---------- PROVIDED INFORMATION ----------

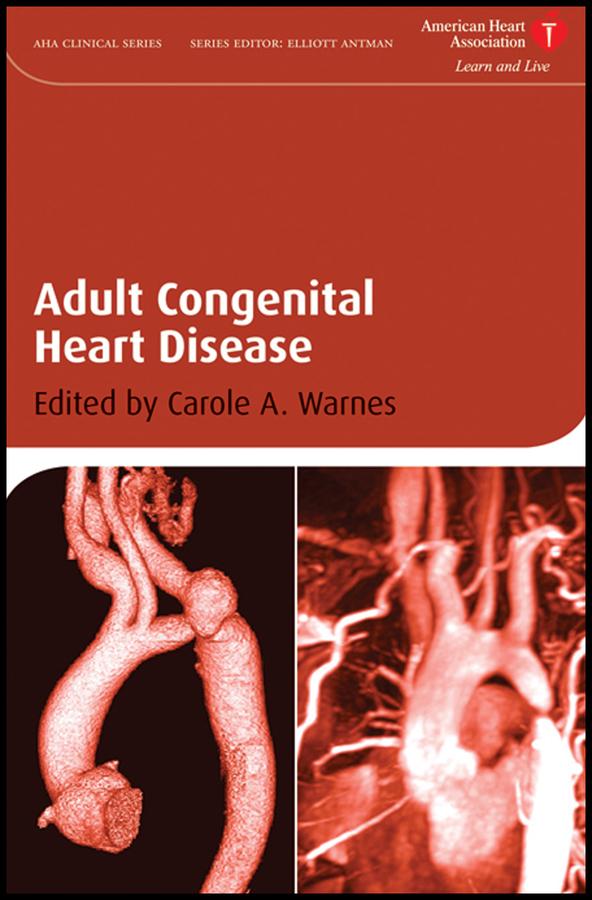 Adult Congenital Heart Disease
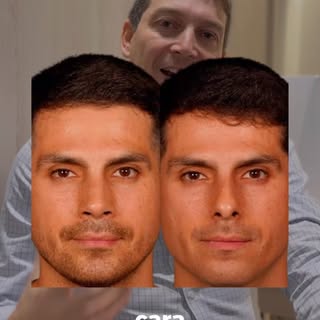 RINOPLASTIA ℹ️
Animate al cambio hoy! 
👉🏻 Una nariz personalizada ideal para tu cara, que mejore t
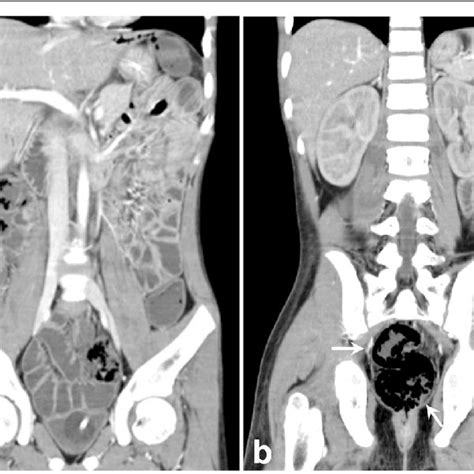 Contrast Enhanced Abdominal Computed Tomography Ct Emergency Ct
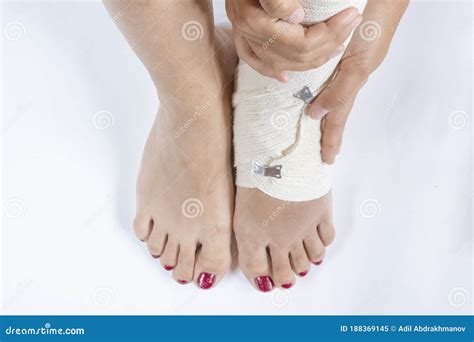 Twisted Bandaged Ankle With Bruise On White Background Athlete Runner
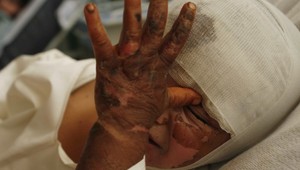 V Tatrách zachraňovali Čecha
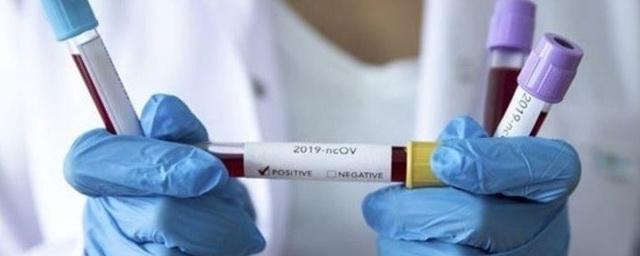 За прошедшие сутки в Амурской области зафиксировано 27 новых случаев коронавируса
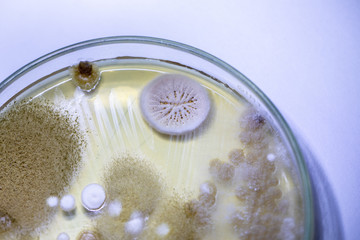 Fototapeta na wymiar Mold Beautiful, Colony of Characteristics of Fungus (Mold) in culture medium plate from laboratory microbiology.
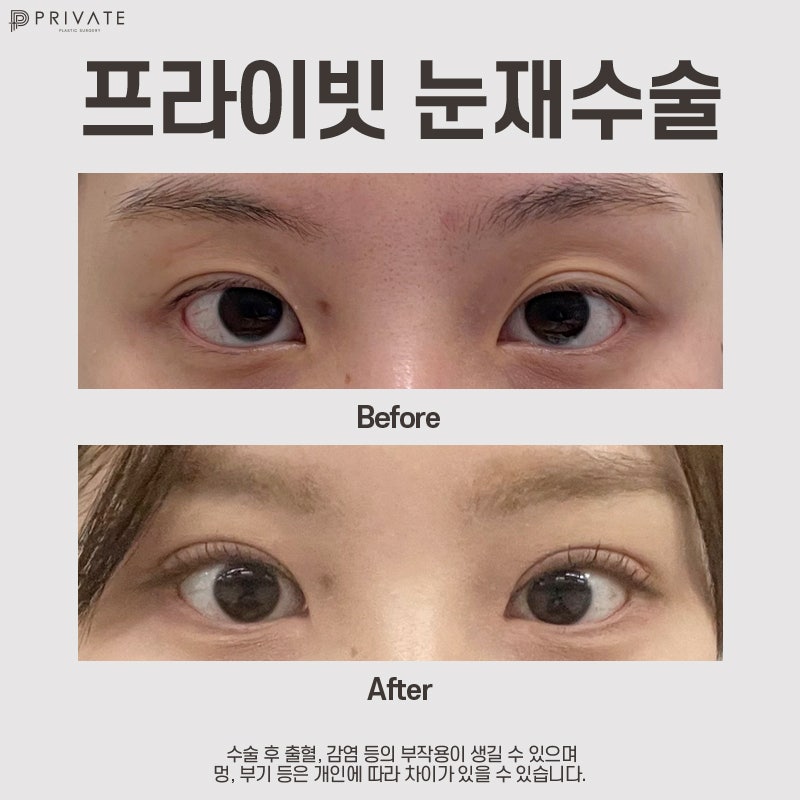 Bedah Revisi Mata Sayatan Terbaik di Sinsa Private Plastic Surgery 사진 8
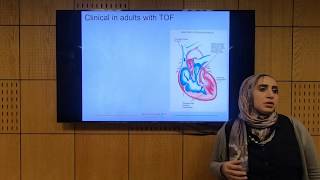 Fallot Tetralogy Part 1  Soha Romeih [upl. by Derwon72]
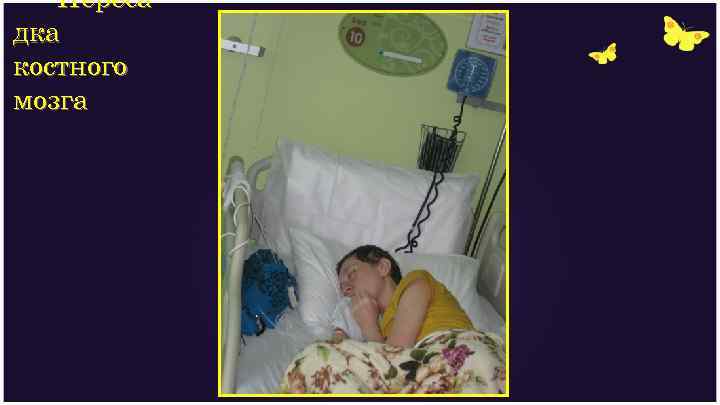 Переса дка костного мозга 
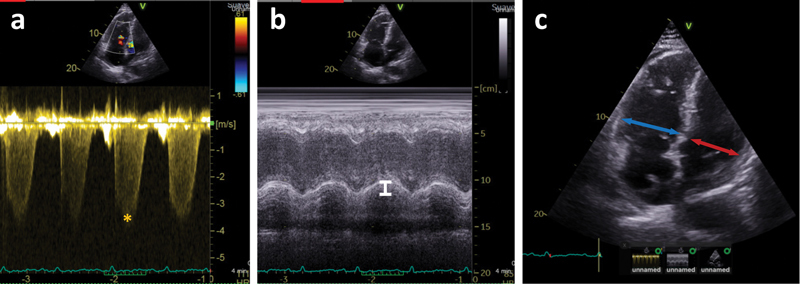 Validation of Echocardiographic Measurements in Patients with Pulmonary Embolism in the RIETE Registry.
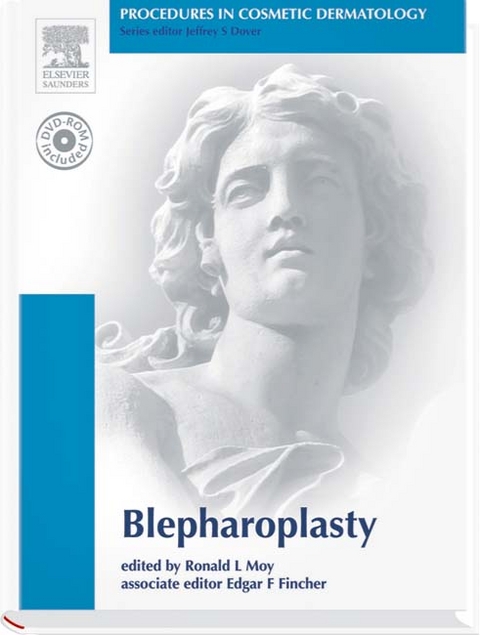 Blepharoplasty - 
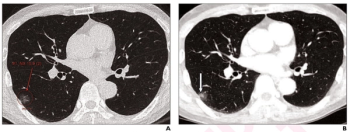 What is the Best Use of AI in CT Lung Cancer Screening?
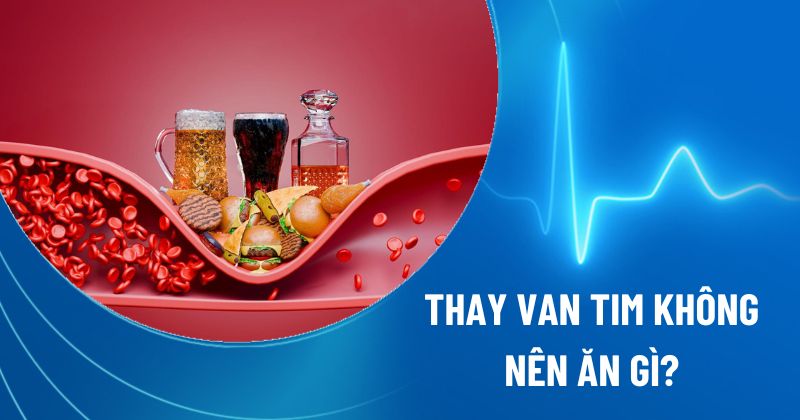 thay van tim không nên ăn gì?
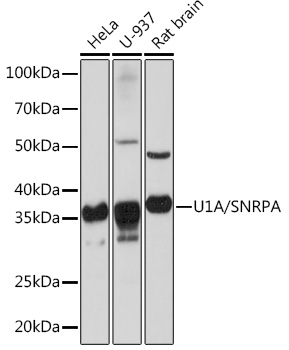 Western blot analysis of various lysates using U1A/SNRPA Rabbit mAb (A3686) at 1:1000 dilution.|Secondary antibody: HRP-conjugated Goat anti-Rabbit IgG (H+L) (AS014) at 1:10000 dilution.|Lysates/proteins: 25μg per lane.|Blocking buffer: 3% nonfat dry milk in TBST.|Detection: ECL Basic Kit (RM00020).|Exposure time: 1s.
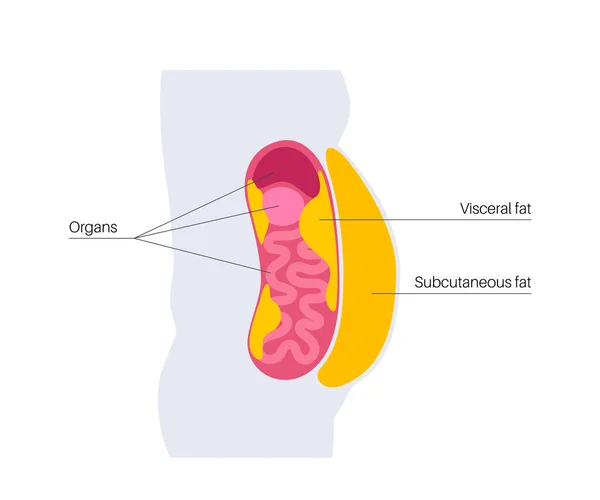 Medische Poster Voor Visceraal Vet Buikvet Omringt Inwendige Organen Buikholte — Stockvector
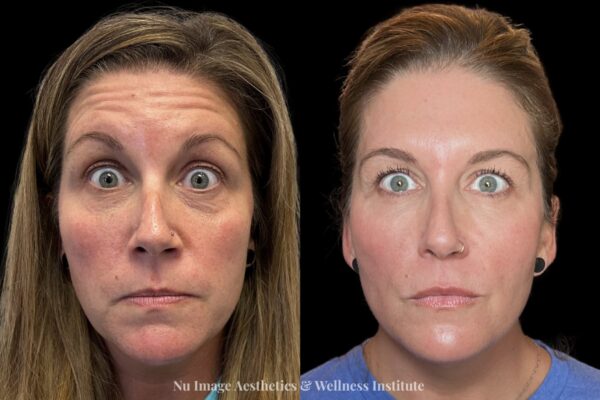 Botox-005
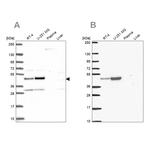 RRS1 Antibody in Western Blot (WB)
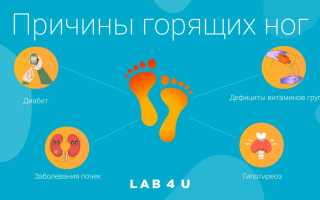 По каким причинам горят стопы ног
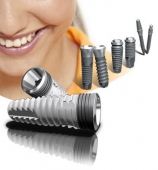 Imagine Promotie implant dentar cu conexiune conometrica
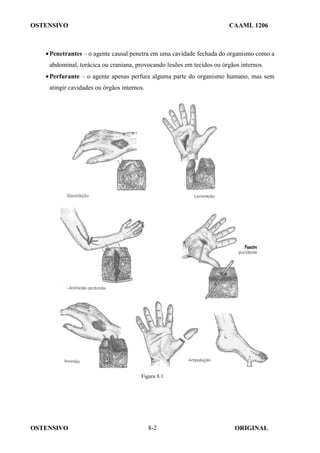OSTENSIVO CAAML 1206
OSTENSIVO ORIGINAL
8-2
•Penetrantes – o agente causal penetra em uma cavidade fechada do organismo como a
abdominal, torácica ou craniana, provocando lesões em tecidos ou órgãos internos.
•Perfurante – o agente apenas perfura alguma parte do organismo humano, mas sem
atingir cavidades ou órgãos internos.
Figura 8.1
 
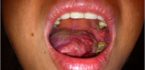 biểu hiện ung thư lưỡi giai đoạn cuối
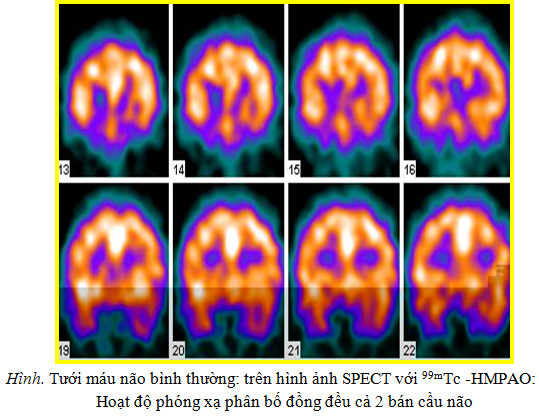 2015-11-23_151132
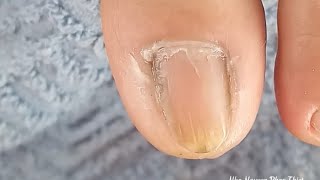 The toes have the most dead skin at the corners of the toenails  part 112NhaNguyenPhanThiet [upl. by Eivad]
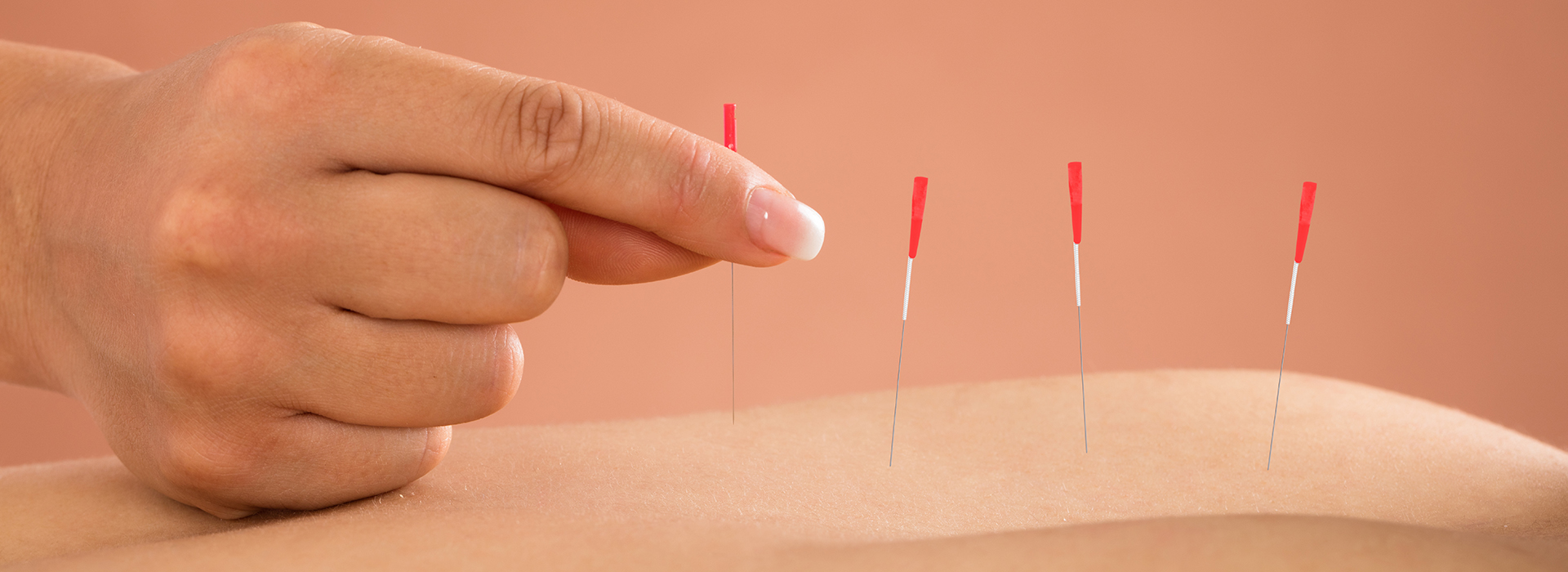 Acupuncture Cheap Near Me - Acupuncture Acupressure Points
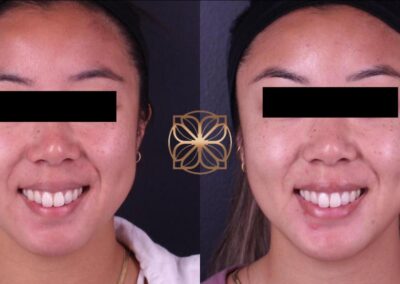 Front view facial transformation with Botox and fillers to midface, tear troughs, lips, and chin, showing rejuvenation and symmetry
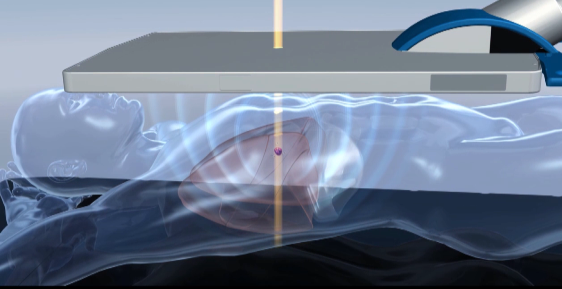 Sentara Martha Jefferson HealthWise: Calypso for lung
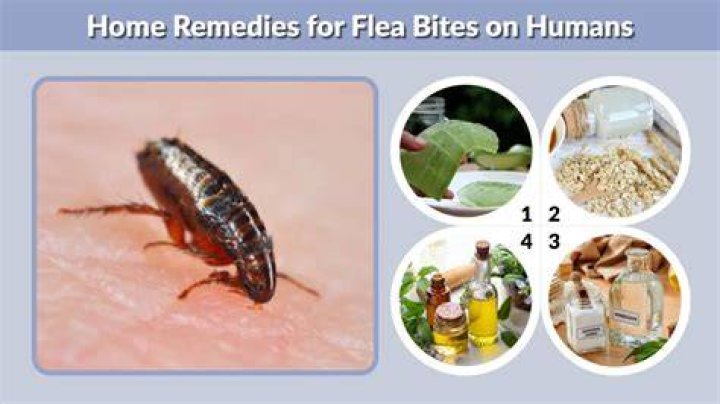 Relief For Flea Bites On Humans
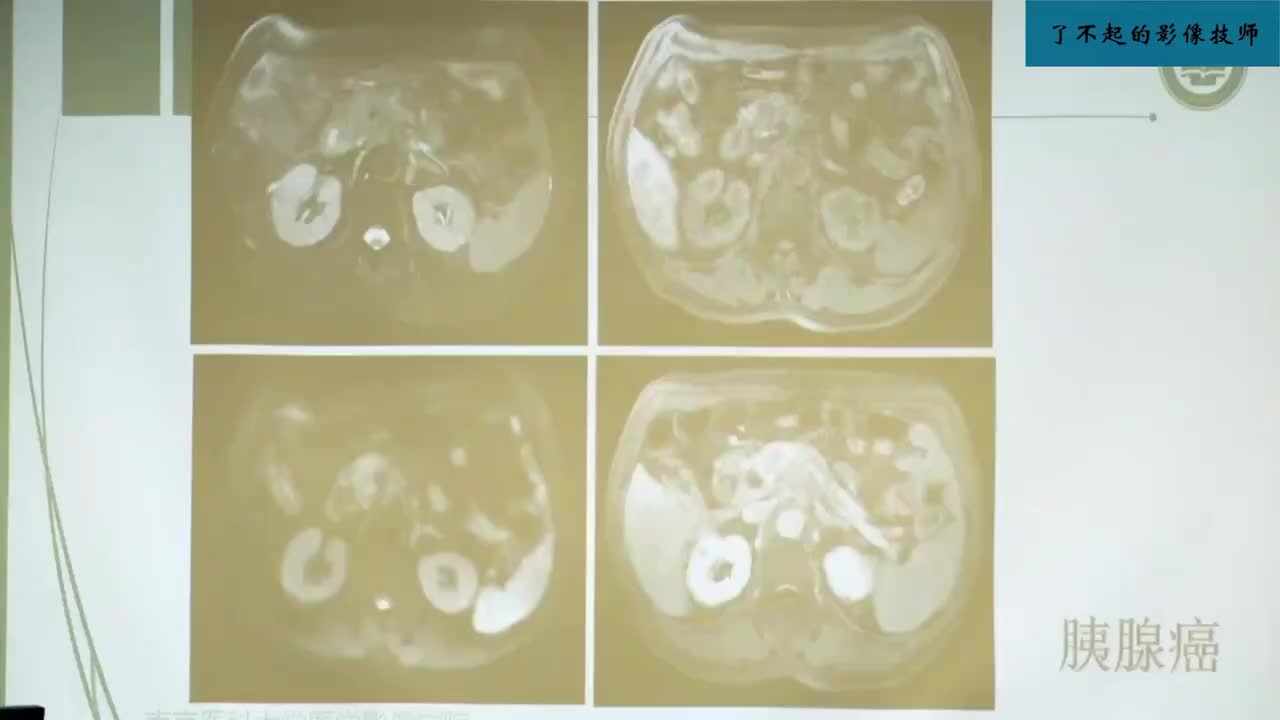 4.5 胰腺及脾脏病变2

----------

Transcribe all the records above word for word, without their images.

REPLY
 Adult Congenital Heart Disease
 RINOPLASTIA ℹ️
Animate al cambio hoy! 
👉🏻 Una nariz personalizada ideal para tu cara, que mejore t
 Contrast Enhanced Abdominal Computed Tomography Ct Emergency Ct
 Twisted Bandaged Ankle With Bruise On White Background Athlete Runner
 V Tatrách zachraňovali Čecha
 За прошедшие сутки в Амурской области зафиксировано 27 новых случаев коронавируса
 Fototapeta na wymiar Mold Beautiful, Colony of Characteristics of Fungus (Mold) in culture medium plate from laboratory microbiology.
 Bedah Revisi Mata Sayatan Terbaik di Sinsa Private Plastic Surgery 사진 8
 Fallot Tetralogy Part 1  Soha Romeih [upl. by Derwon72]
 Переса дка костного мозга 
 Validation of Echocardiographic Measurements in Patients with Pulmonary Embolism in the RIETE Registry.
 Blepharoplasty - 
 What is the Best Use of AI in CT Lung Cancer Screening?
 thay van tim không nên ăn gì?
 Western blot analysis of various lysates using U1A/SNRPA Rabbit mAb (A3686) at 1:1000 dilution.|Secondary antibody: HRP-conjugated Goat anti-Rabbit IgG (H+L) (AS014) at 1:10000 dilution.|Lysates/proteins: 25μg per lane.|Blocking buffer: 3% nonfat dry milk in TBST.|Detection: ECL Basic Kit (RM00020).|Exposure time: 1s.
 Medische Poster Voor Visceraal Vet Buikvet Omringt Inwendige Organen Buikholte — Stockvector
 Botox-005
 RRS1 Antibody in Western Blot (WB)
 По каким причинам горят стопы ног
 Imagine Promotie implant dentar cu conexiune conometrica
OSTENSIVO CAAML 1206
OSTENSIVO ORIGINAL
8-2
•Penetrantes – o agente causal penetra em uma cavidade fechada do organismo como a
abdominal, torácica ou craniana, provocando lesões em tecidos ou órgãos internos.
•Perfurante – o agente apenas perfura alguma parte do organismo humano, mas sem
atingir cavidades ou órgãos internos.
Figura 8.1
 
 biểu hiện ung thư lưỡi giai đoạn cuối
 2015-11-23_151132
 The toes have the most dead skin at the corners of the toenails  part 112NhaNguyenPhanThiet [upl. by Eivad]
 Acupuncture Cheap Near Me - Acupuncture Acupressure Points
 Front view facial transformation with Botox and fillers to midface, tear troughs, lips, and chin, showing rejuvenation and symmetry
 Sentara Martha Jefferson HealthWise: Calypso for lung
 Relief For Flea Bites On Humans
 4.5 胰腺及脾脏病变2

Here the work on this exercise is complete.